|
Monday, February 23, 2009
On Git's lack of respect for immutability and the Best Practices for a DVCS
I learned something very important from the feedback after
my entry last week on Git's
index. Here's what I learned:
Suppose I wrote a 300 page book
describing all the great things about Git and why it is so awesome.
Further suppose that on page 295
near the bottom, I include a one-sentence mention of a way that I think Git
might change for the better.
Further suppose that I wrote that
sentence in Klingon. And then I encrypted it with Schneier's latest cipher,
wrapped it in base64 encoding, ran it through rot13 and then pasted it into the
book.
If I did this, the primary response
from the Git user community would be: "Eric's new book says that Git sucks.
He doesn't get it."
Trust me folks -- I get it. Commits to a DVCS are
different. When you commit to a private instance of the repository, you don't
"break the build". The rules and guidelines for a DVCS are different than the
ones for a centralized system.
Best Practices
But some of the best practices are the same. Here's my
off-the-cuff sloppy definition of a "best practice":
A best practice is a guideline that
can be followed lots of times by lots of different people in lots of different
situations with minimal likelihood of causing pain to the team.

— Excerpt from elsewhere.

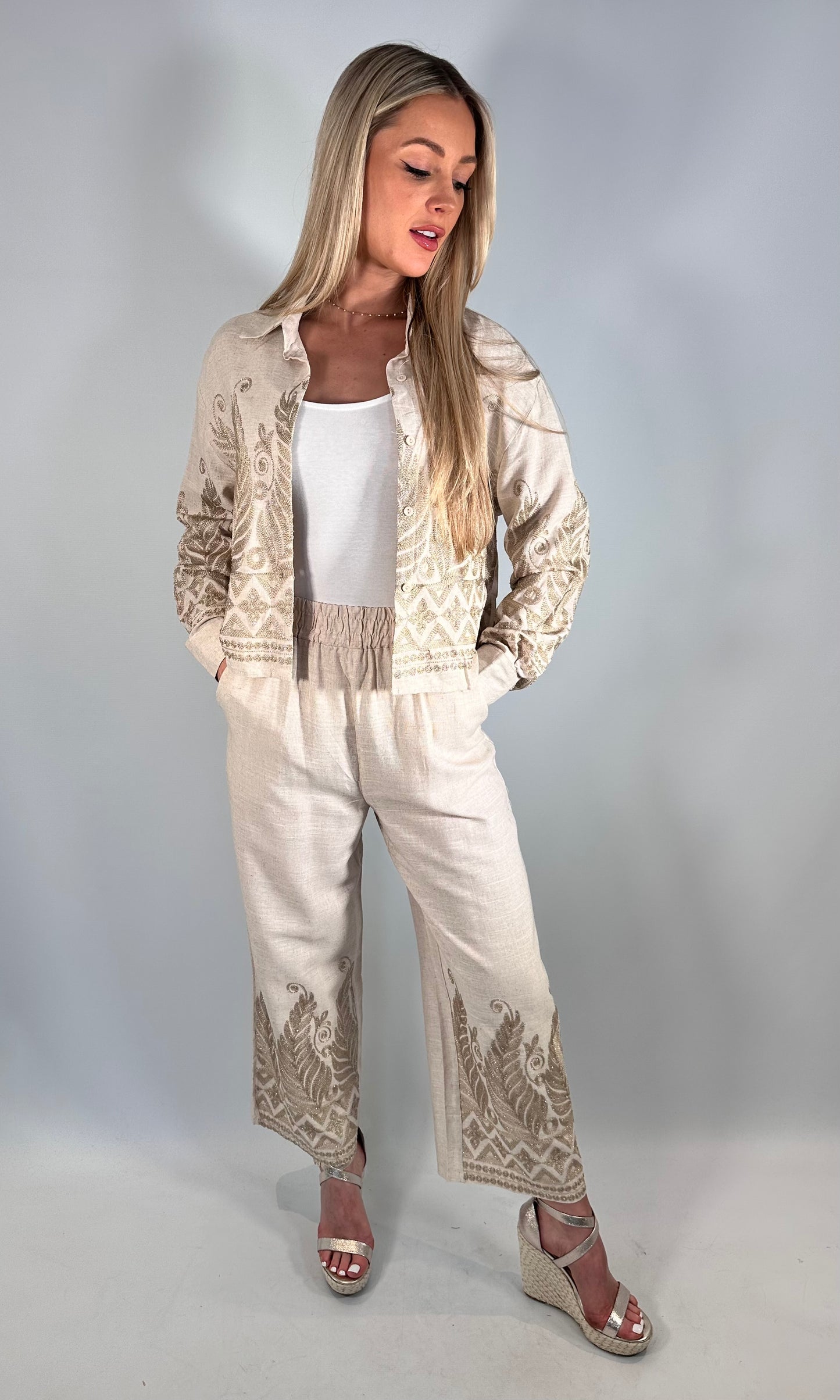Zara Gold Embroidered co-ord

Actually, I want to give TWO definitions. Here's another
one, speaking as a source control vendor:
A best practice is a guideline that
I can give to our customers to minimize the likelihood that they will need to
call our tech support staff.
A technique can be "really cool" or "very powerful" and
still not qualify for any reasonable person's definition of "best practice".
I stand by my original claims. I think "git add --p" is
"really cool", but it doesn't qualify as a "best practice". It allows the developer
to commit code they have never seen. Yes, that commit happens in a private
instance of the repo, but that code is eligible to be pushed into another
instance.
Is there a good outcome here?
Suppose I use "git add --p" to commit some code that doesn't
even compile. What can happen?
- Maybe this changeset never escapes my private repository
instance. In that case, it has caused no harm. But it has also caused no
benefit.
- Maybe my next checkin fixes the build. So now the
offending changeset is less likely to cause problems, because the fix will
get pushed as well. But this scenario is equivalent to the centralized
case where I break the build but fix it before anybody finds out. It's
not very harmful, but it's not very helpful either.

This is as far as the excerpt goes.